Repository Ingestion
How CodePilot clones repositories and processes them into searchable embeddings.
Repository ingestion is the core pipeline that transforms a GitHub repository into searchable vector embeddings. This page covers each stage of the process.
Overview
When a user connects a repository, the following pipeline executes:
Clone → Scan → Parse → Chunk → Embed → StoreThe entire pipeline runs as a background job via BullMQ, so the user experience is non-blocking.
Stage 1: Cloning
The worker clones the repository using simple-git with a GitHub App installation token for authentication:
import simpleGit from "simple-git";
const git = simpleGit();
await git.clone(
`https://x-access-token:${installationToken}@github.com/${owner}/${repo}.git`,
clonePath,
["--depth", "1", "--single-branch"]
);Shallow Clones
CodePilot uses shallow clones (--depth 1) to minimize bandwidth and disk usage. Only the latest commit on the default branch is cloned.
Stage 2: File Scanning
After cloning, the worker scans the repository and filters files by supported types:
- TypeScript (
.ts,.tsx) - JavaScript (
.js,.jsx) - Markdown (
.md,.mdx) - JSON (
package.json,tsconfig.json, etc.)
Files in node_modules, .git, dist, build, and other generated directories are excluded.
Stage 3: AST Parsing
For TypeScript and JavaScript files, CodePilot uses ts-morph to perform AST (Abstract Syntax Tree) analysis. This identifies structural elements:
- Functions and arrow functions
- Classes and methods
- React components
- Custom hooks
- Type definitions and interfaces
- Module exports
import { Project, SyntaxKind } from "ts-morph";
const project = new Project();
const sourceFile = project.addSourceFileAtPath(filePath);
// Extract functions
const functions = sourceFile.getFunctions();
for (const fn of functions) {
chunks.push({
type: "function",
name: fn.getName(),
content: fn.getFullText(),
startLine: fn.getStartLineNumber(),
endLine: fn.getEndLineNumber(),
});
}Stage 4: Chunking
Code is split into semantic chunks based on AST analysis.
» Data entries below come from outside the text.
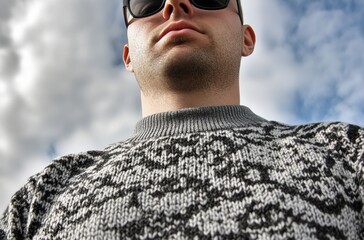 Obraz premium 灰色のセーターを着た男性が青空を背景に立っている姿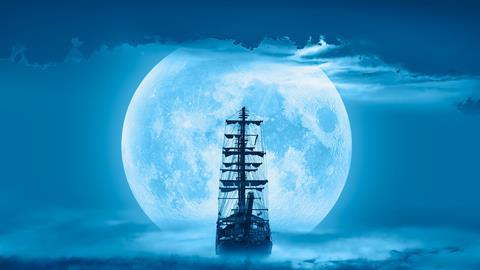 Sailing old ship in a storm sea with full moon stormy clouds in the background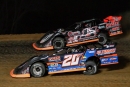 Winner Ricky Thornton Jr. (20rt) and runner-up Josh Rice (11) battle for the lead in March 21&#039;s Lucas Oil Late Model Dirt Series action at Atomic Speedway near Chillicothe, Ohio. (heathlawsonphotos.com)
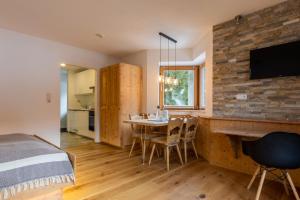 1 dormitorio con 1 cama y 1 mesa con sillas en Monte Vita Tirol - Apartments, en Biberwier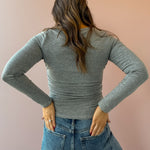 Sadie & Sage Page Turner Ruched Top in grey, back close-up.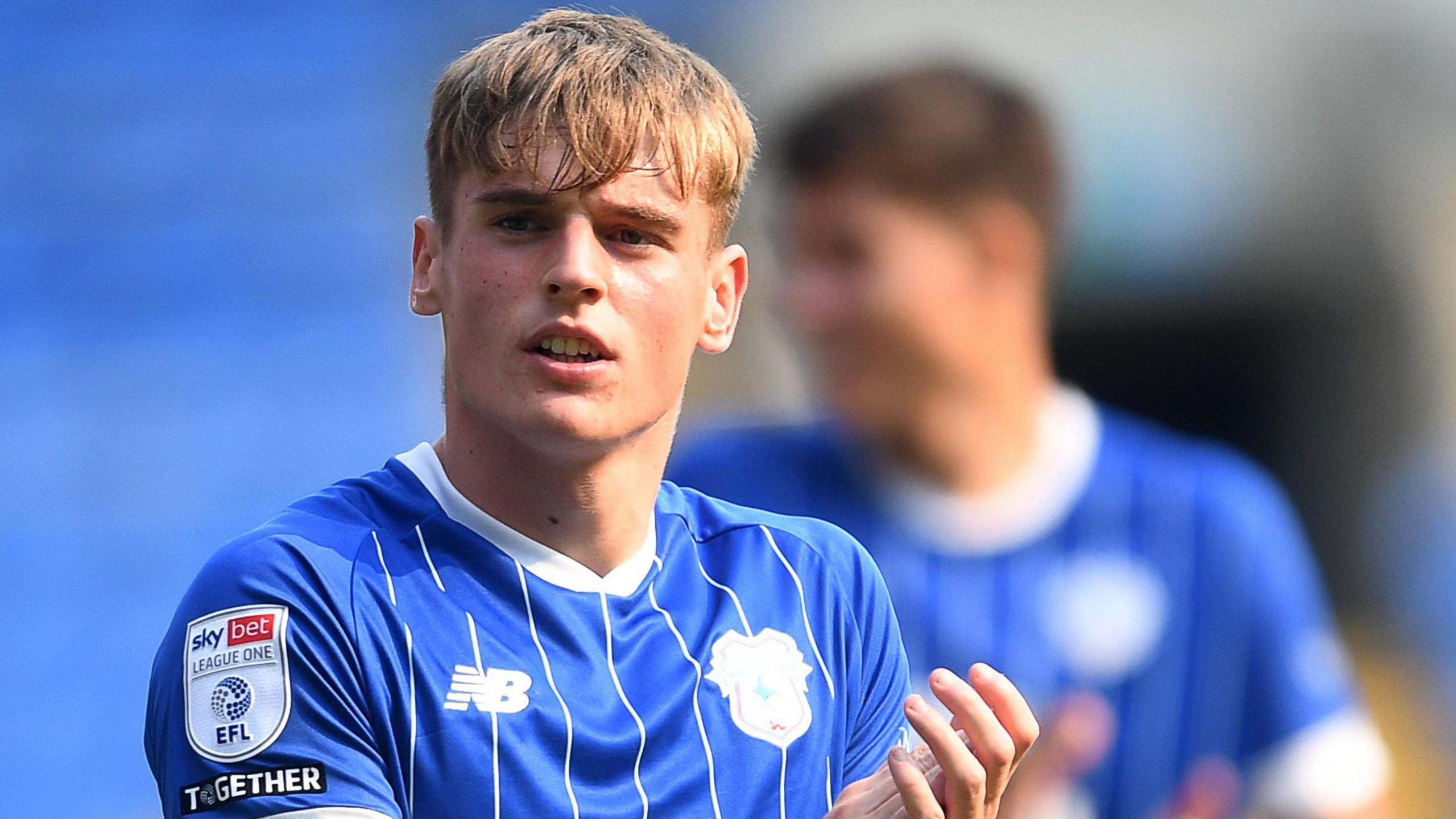 Defender Dylan Lawlor applauds fans aft Cardiff City's triumph complete Rotherham United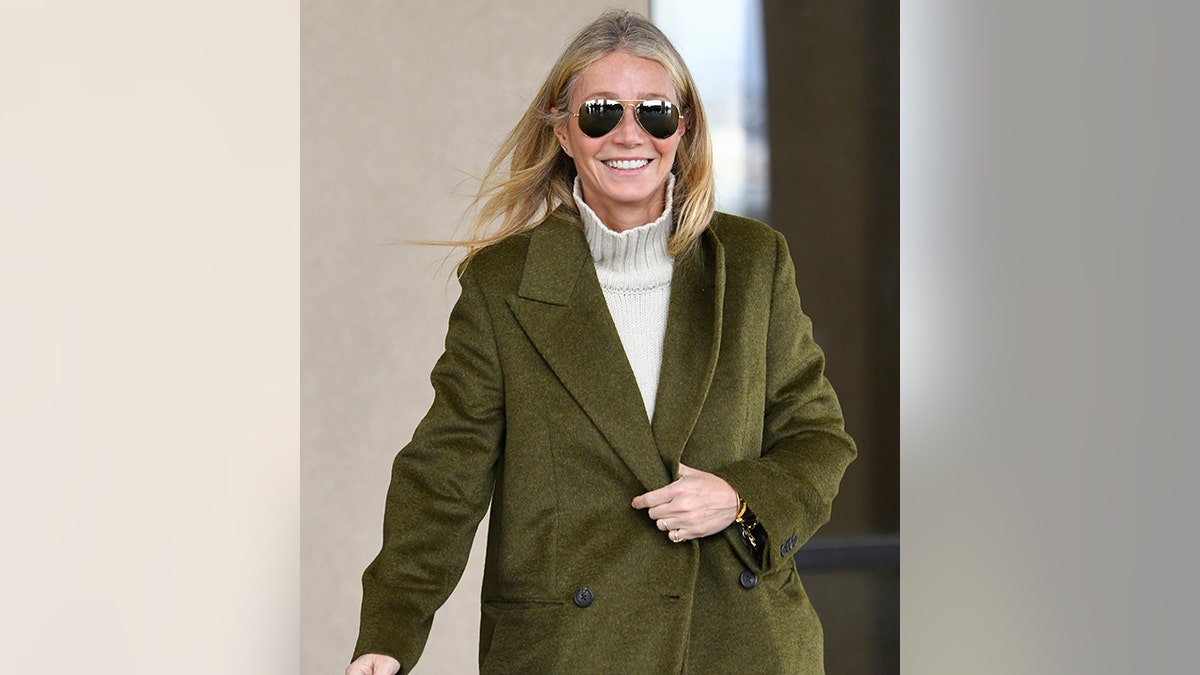 Gwyneth Paltrow smiles in a long green jacket and light turtleneck behind a pair of sunglasses as she leaves court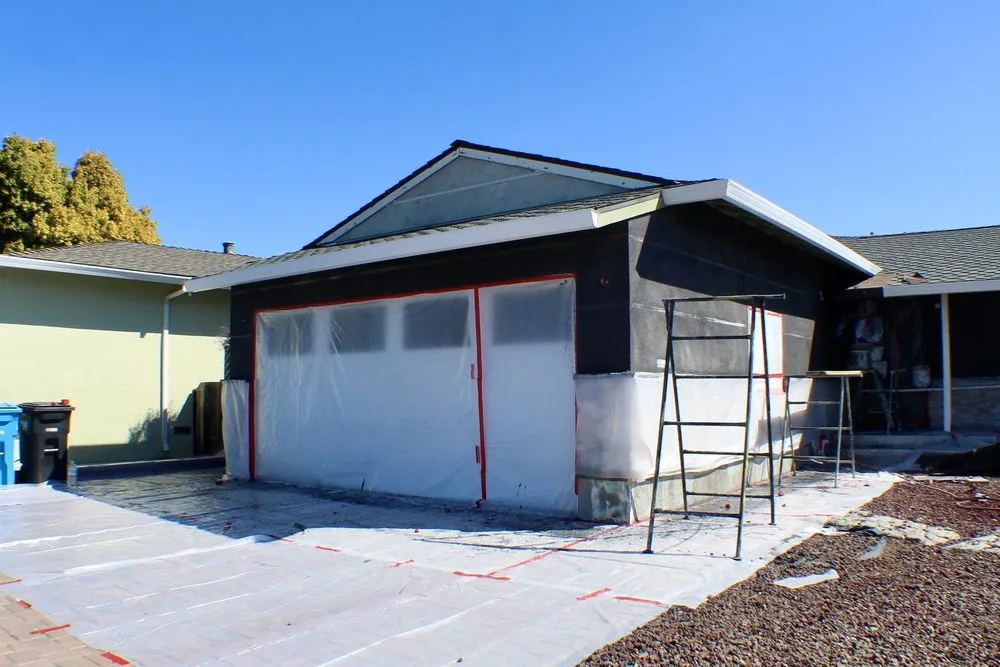 Slide of Umbrella Plastering & Roofing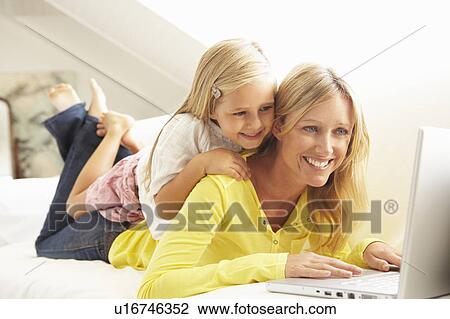 Mother And Daughter Using Laptop Relaxing Sitting On Sofa At Home View Large Photo Image Stock Image - Mother And Daughter Using Laptop Relaxing Sitting On Sofa At Home. Fotosearch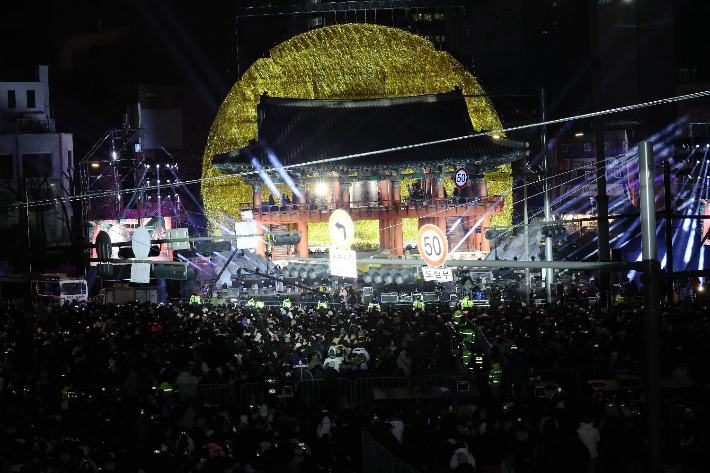 새해 첫날인 1일 오전 서울 종로구 보신각에서 열린 제야의 종 타종행사에서 시민대표들의 타종하는 가운데 보신각 뒤로 자정의 태양이 떠오르고 있다. 연합뉴스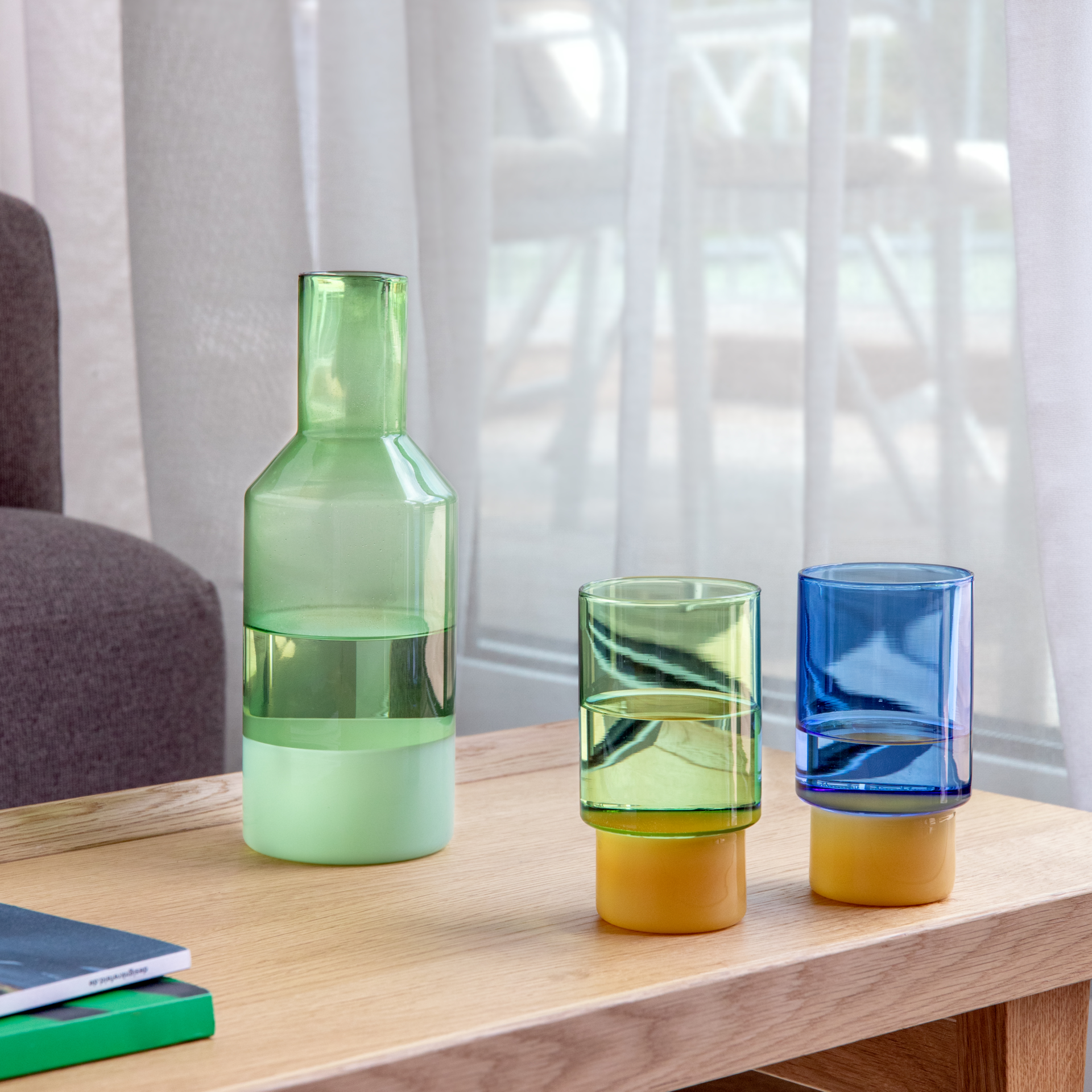 Zwei hohe, zylindrische Trinkgläser aus Borosilikatglas stehen nebeneinander. Jedes Glas hat oben einen transparenten hellgrünen Bereich und unten einen kürzeren, matten orangefarbenen Sockel. Auf weißem Hintergrund.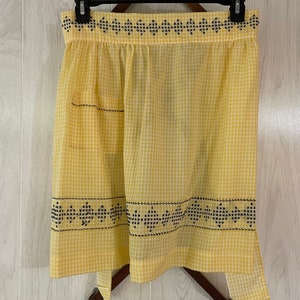 Springtime Vintage Handmade Gingham Apron with yellow and white checks and hand cross stitching in black at the hem and the pockets.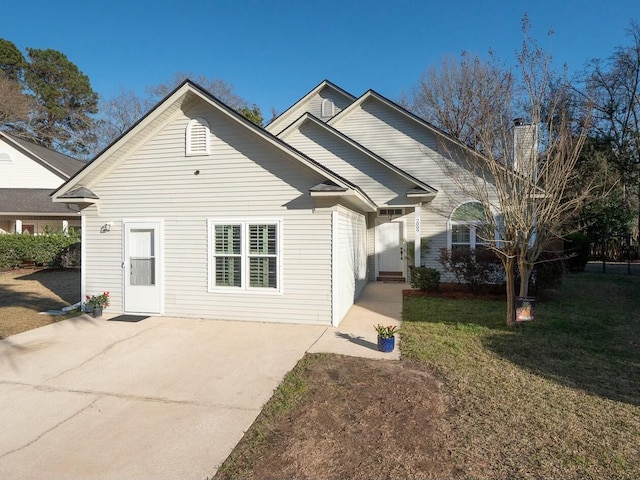 back of house featuring a patio, a lawn, and driveway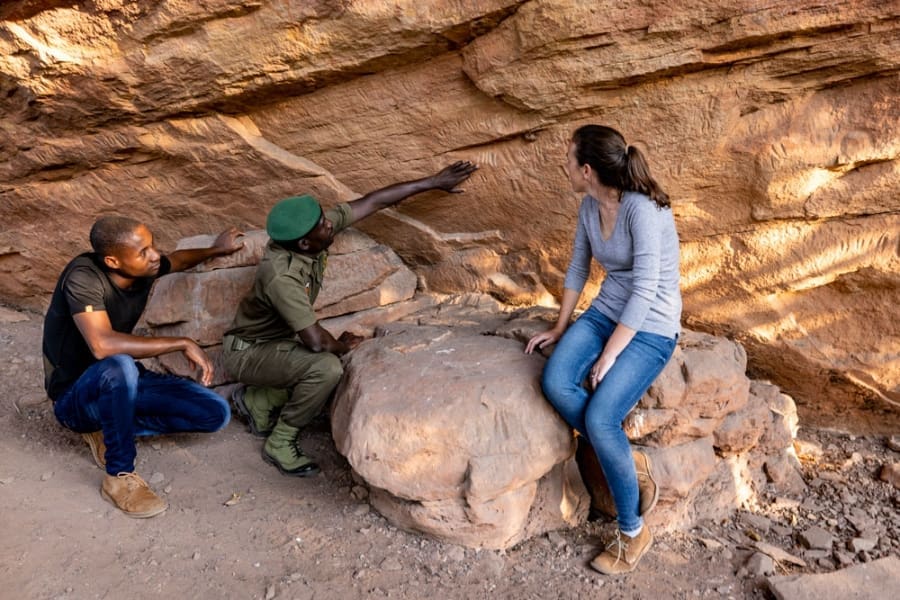 Three people observe rock carvings at Bumbusi National Monument | Go2Africa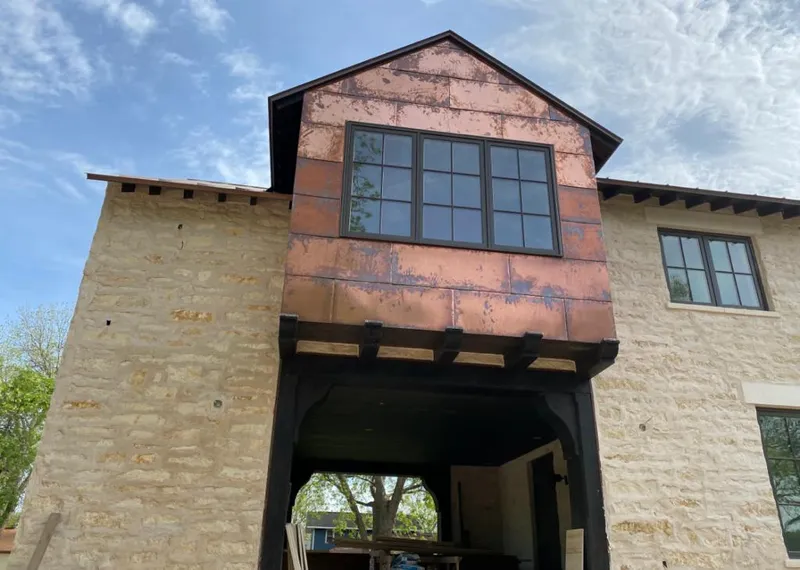 Copper metal panel facade on a stone building for Metal Roof Coating in Rodeo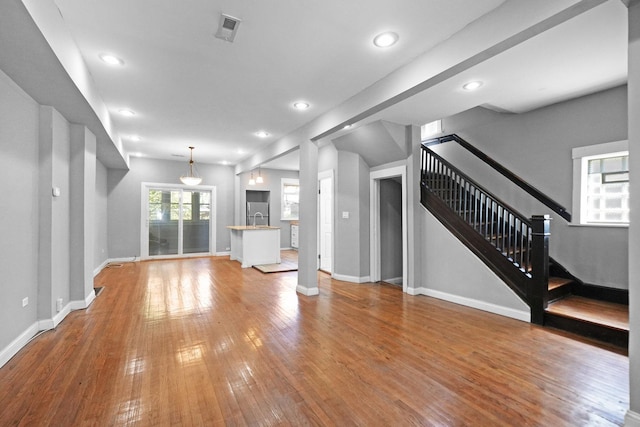 6409 S Champlain Ave, Chicago, IL 60637 - unfurnished living room with hardwood / wood-style floors, recessed lighting, and stairway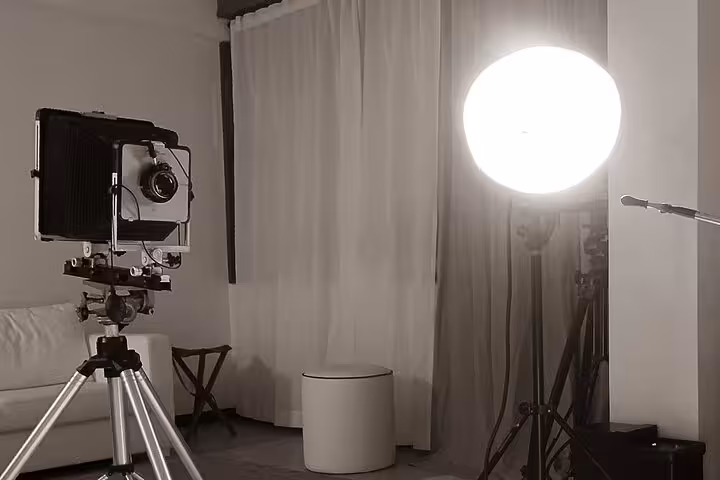 Vintage large-format camera and studio light setup for 19th century metal portrait experience in Porto, Portugal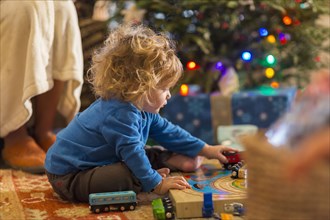 Caucasian baby boy playing with toys under Christmas tree
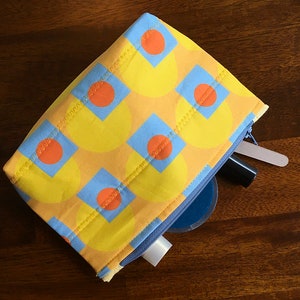 May include: A yellow and blue geometric patterned zippered pouch with a blue zipper. The pouch is open and contains a white tube, a blue container, and a black tube.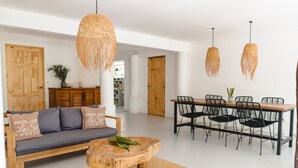 Una sala de estar moderna con un sofá, una mesa de centro de madera, una mesa de comedor con sillas y lámparas colgantes de mimbre.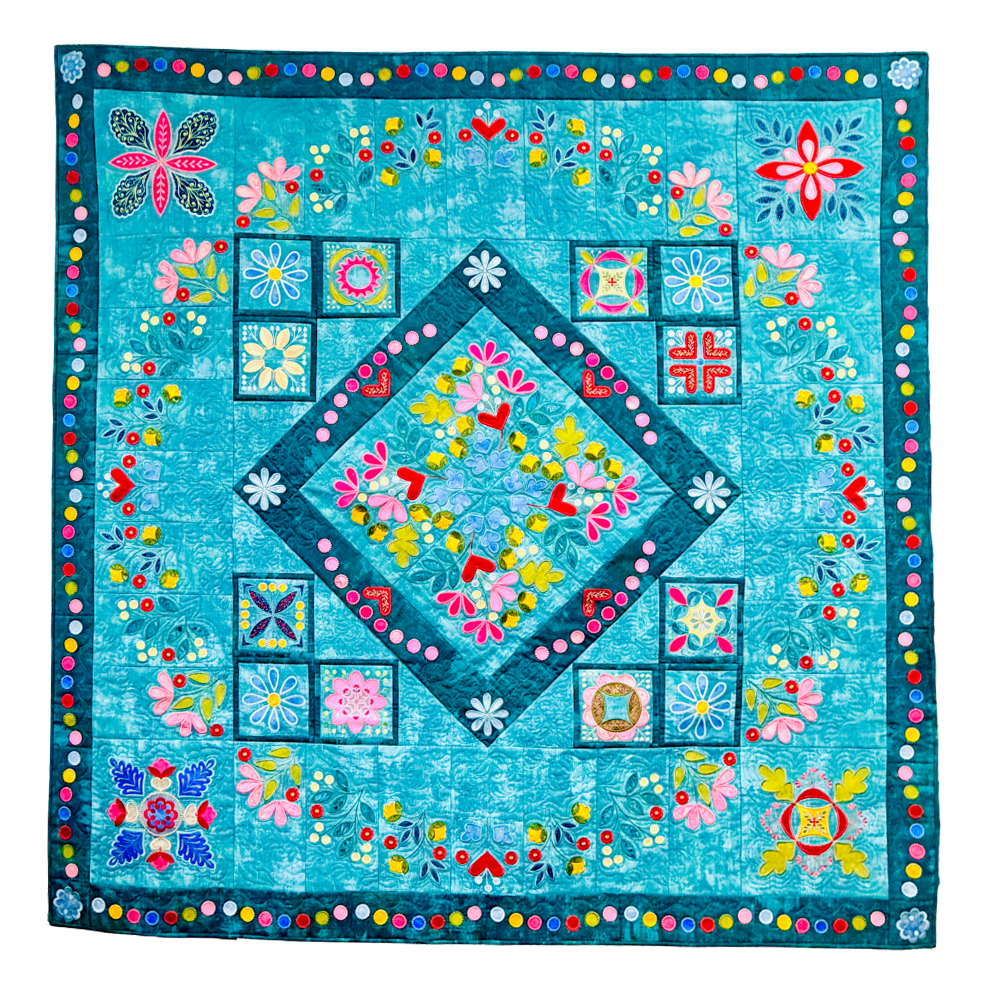 Colorful quilt with floral and geometric patterns on a blue background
See Chunking Strategy for details.
Stage 5: Embedding
Each chunk is sent to Ollama's nomic-embed-text model to generate a 768-dimensional vector. See Embeddings for details.
Stage 6: Storage
Vectors are stored in PostgreSQL using the pgvector extension. See Vector Database for details.
Job Structure
Ingestion jobs contain all the metadata needed by the worker:
interface IngestJobData {
repositoryId: string;
installationId: string;
repoFullName: string; // "owner/repo"
defaultBranch: string; // "main"
}Jobs include built-in retry logic, priority queuing, and stall detection via BullMQ.
Incremental Ingestion
For repositories that are already indexed, CodePilot supports incremental ingestion triggered by GitHub push webhooks:
- Compare the commit diff to identify changed files
- Remove existing chunks and embeddings for changed/deleted files
- Re-parse and re-embed only the changed files
- Insert updated vectors into the database
This is significantly faster than full re-ingestion and keeps the index current.